The Court of Appeal clarified the meaning of “debt” in a mortgage case involving lenders Interbay and Seculink.
The 2020 regulation provides a suspension of debt on the mental health side, according to law firm Brightstone Law, and the solution to the case “will have a significant impact on the bridge lenders.”
The case involved David Forbes, who received a 10-year loan of £1.3 million through Interbay in 2016, an appeals court document said.
However, Forbes defaulted on the debt in 2018, and in 2019, Interbay demanded repayment of capital, plus £60,464,10 of £1.6 million.
Forbes also borrowed £260,000 from Seculink to a bridge loan he received in 2018, violating five properties he owned.

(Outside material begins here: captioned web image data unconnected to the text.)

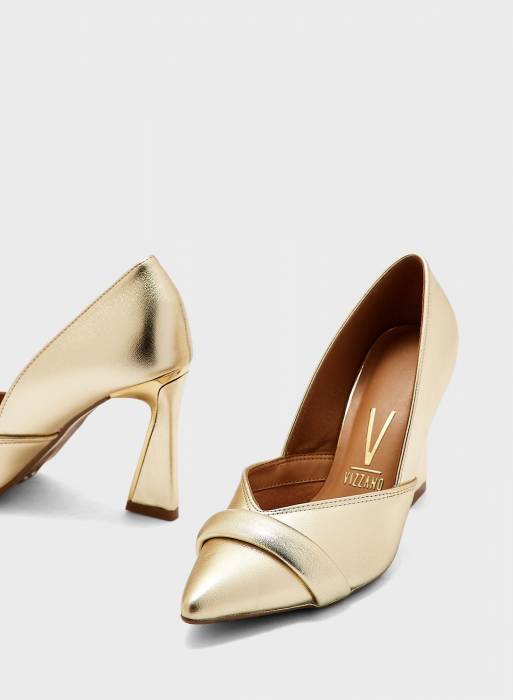 کفش پاشنه بلند طلایی برند vizzano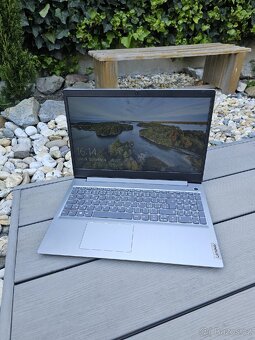 Lenovo IdeaPad 3 15IIL05 | i3-1005G1 | 15.6" - 2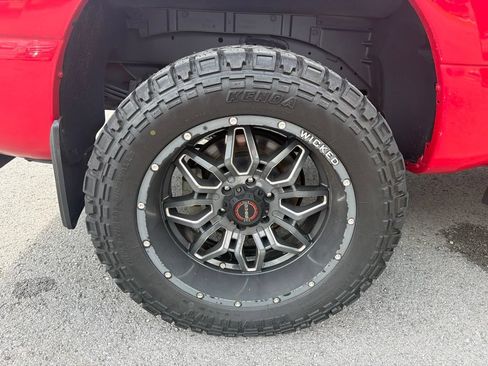Used 2021 Nissan Titan SV w/ SV Convenience Package AWD/4WD image 13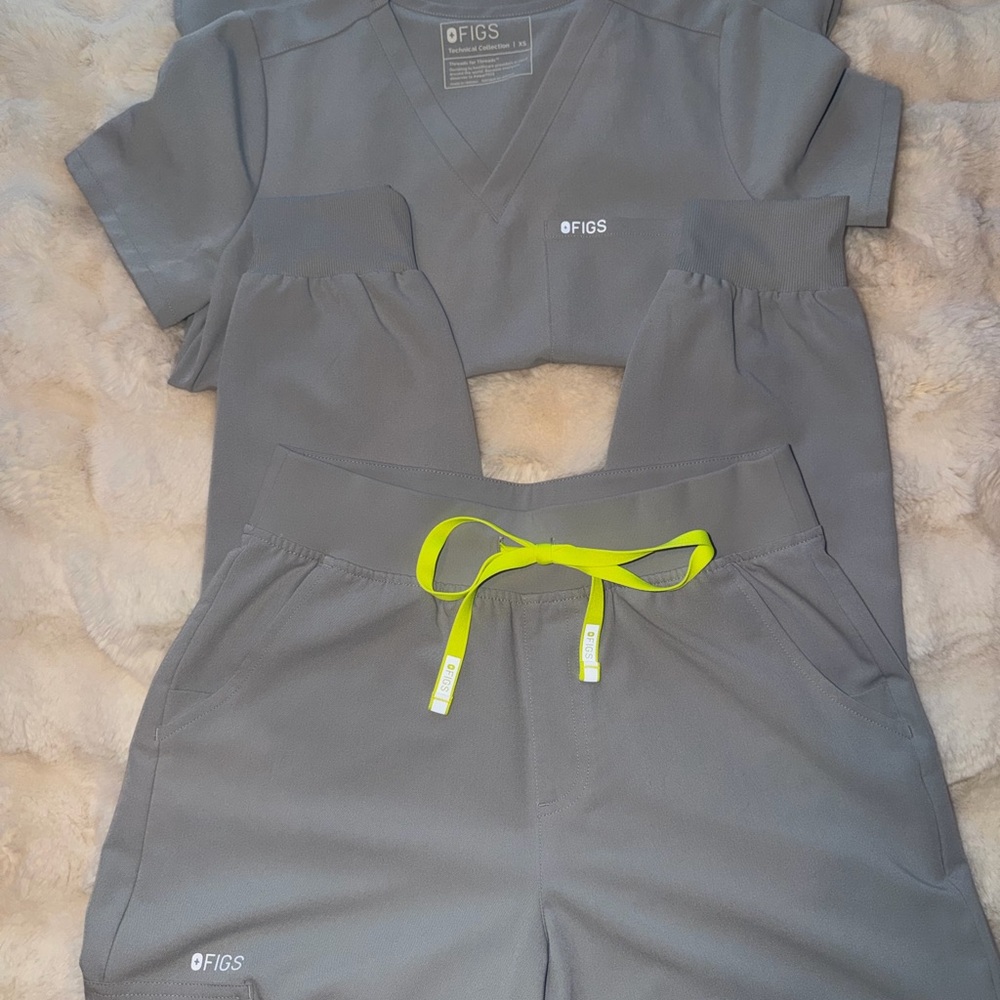 FIGS Gray Scrub Set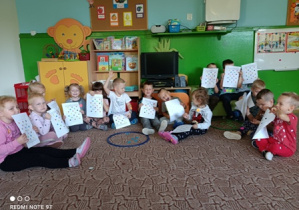 Dzieci pokazują swoje prace
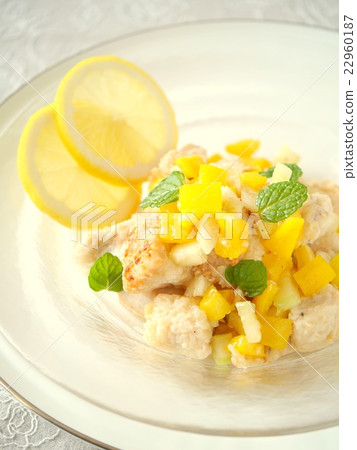 Chicken's honey lemon marinade (high angle) 22960187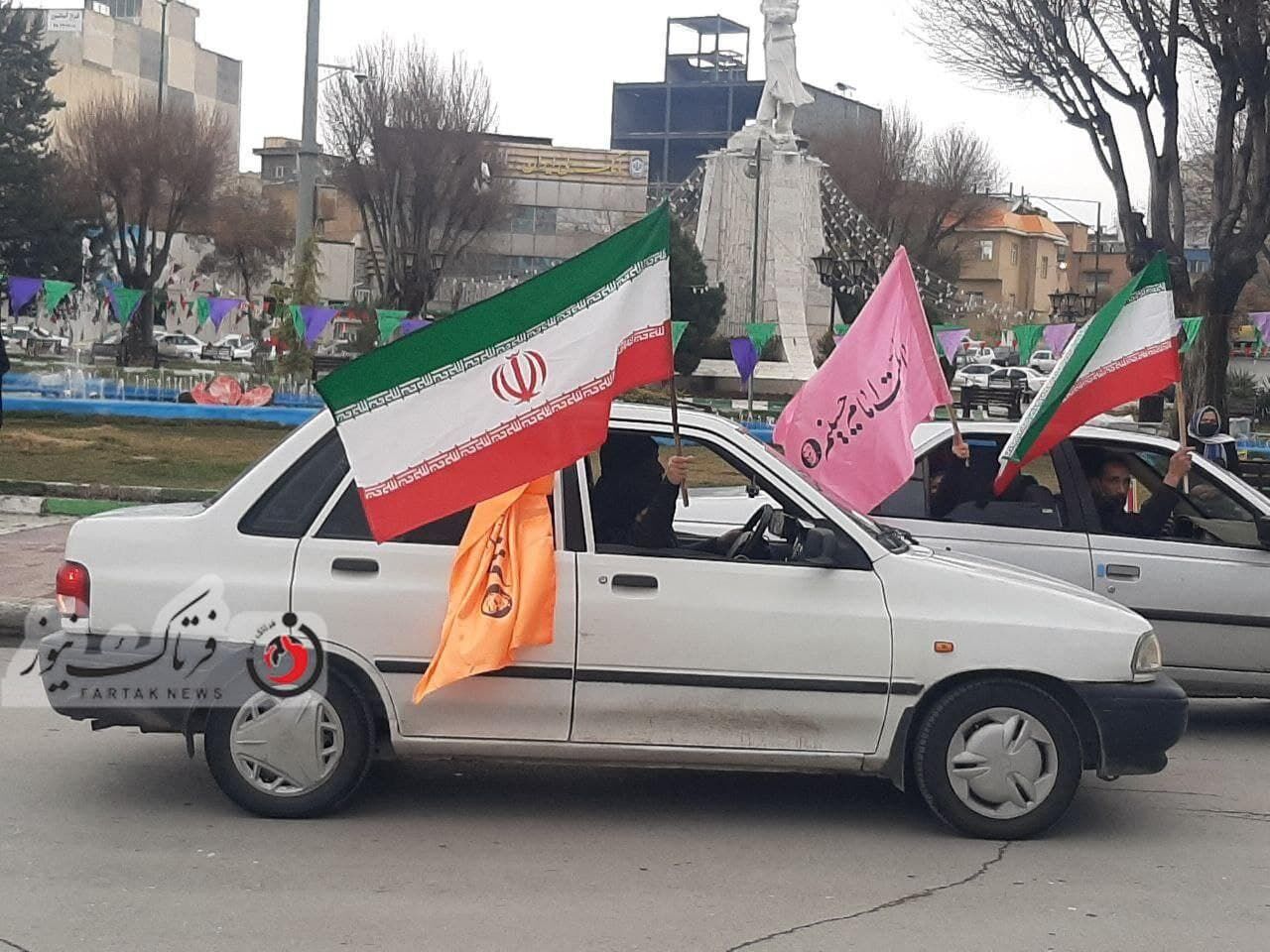 گزارش تصویری/ حضوری پر اقتدار از مردم کرمانشاه در راهپیمایی۲۲ بهمن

The interest for four months is 2.5% per month, and if defaulted, the interest for default is 12% per month.
The loan is believed to be a default by 2021, and Sculink also requests payment.
In April 2022, Forbes applied for a mental health crisis suspension under the care of Tandridge Community Health Recovery Service.
Brightstone said the debt suspension program “provides temporary protection for debt individuals to prevent law enforcement, interest, expenses and expenses, but certain conditions are met.
“The program includes a 60-day standard suspension and a longer mental health crisis suspension, which continues during treatment.”
The case is the first time the Court of Appeals considers how the protection of secured debts is applied, especially the capital amounts of the mortgage that have been fully requested.
Lord Zacaroli issued a judgment on June 6, saying: “The question is whether the main amount of the secured debt has expired before the start of the suspension of debt, which is an unqualified debt within the meaning of regulation, and therefore is excluded from the definition of “debt” and is therefore excluded.
The court ruled that whether the sum of principal of a secured debt was called before the suspension was a qualified debt and therefore neither a qualified debt nor a suspended debt.
Additionally, Honorary Judge Evans-Gordon, who presided over her, said: “The plan is not a package release of all future debts…it balances between maintaining debt levels or freezing debt levels on the date of the suspension of filings, while also suspending its execution while ensuring creditors are related to post-misunderstanding debts.
“This is not an obligation to continue to provide free credit. The debtor does not intend to make a living at the cost of the creditor.”
Jonathan Newman, senior partner at Brightstone Law, added: “The ruling provides creditors with gratifying certainty, strengthening the suspension of the plan is not to limit the execution of the mortgage, rather than the loss of installments.
“It confirms that the summoning capital does not qualify for debt suspensions, but rather addresses the view that creates considerable uncertainty in practice.”